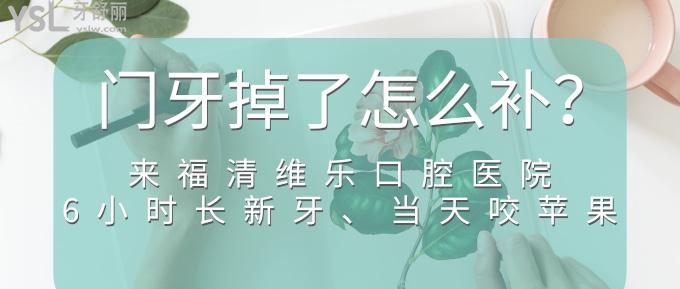 門牙掉了怎么補(bǔ)？來福清維樂口腔醫(yī)院，6小時(shí)長(zhǎng)新牙、當(dāng)天咬蘋果！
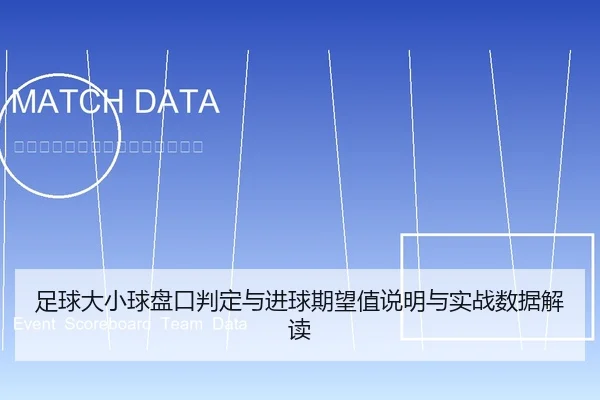 足球大小球盘口判定与进球期望值说明与实战数据解读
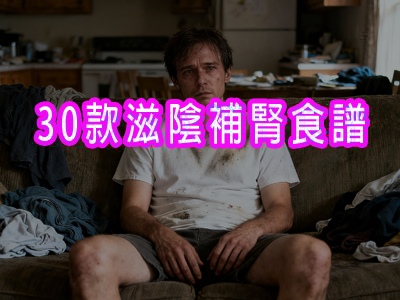 30款滋陰補腎食譜 (適合腎陰虛者)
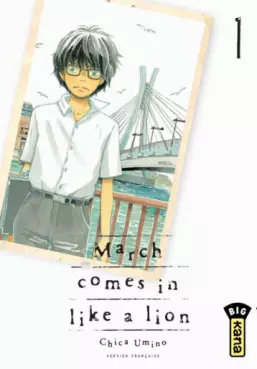 Manga - Manhwa - March comes in like a lion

**Description of the task**: Nothing but the pictures is to be left out; the rest of the listing should be copied exactly.

**Exercise output**:
 門牙掉了怎么補(bǔ)？來福清維樂口腔醫(yī)院，6小時(shí)長(zhǎng)新牙、當(dāng)天咬蘋果！
 足球大小球盘口判定与进球期望值说明与实战数据解读
 30款滋陰補腎食譜 (適合腎陰虛者)
 Manga - Manhwa - March comes in like a lion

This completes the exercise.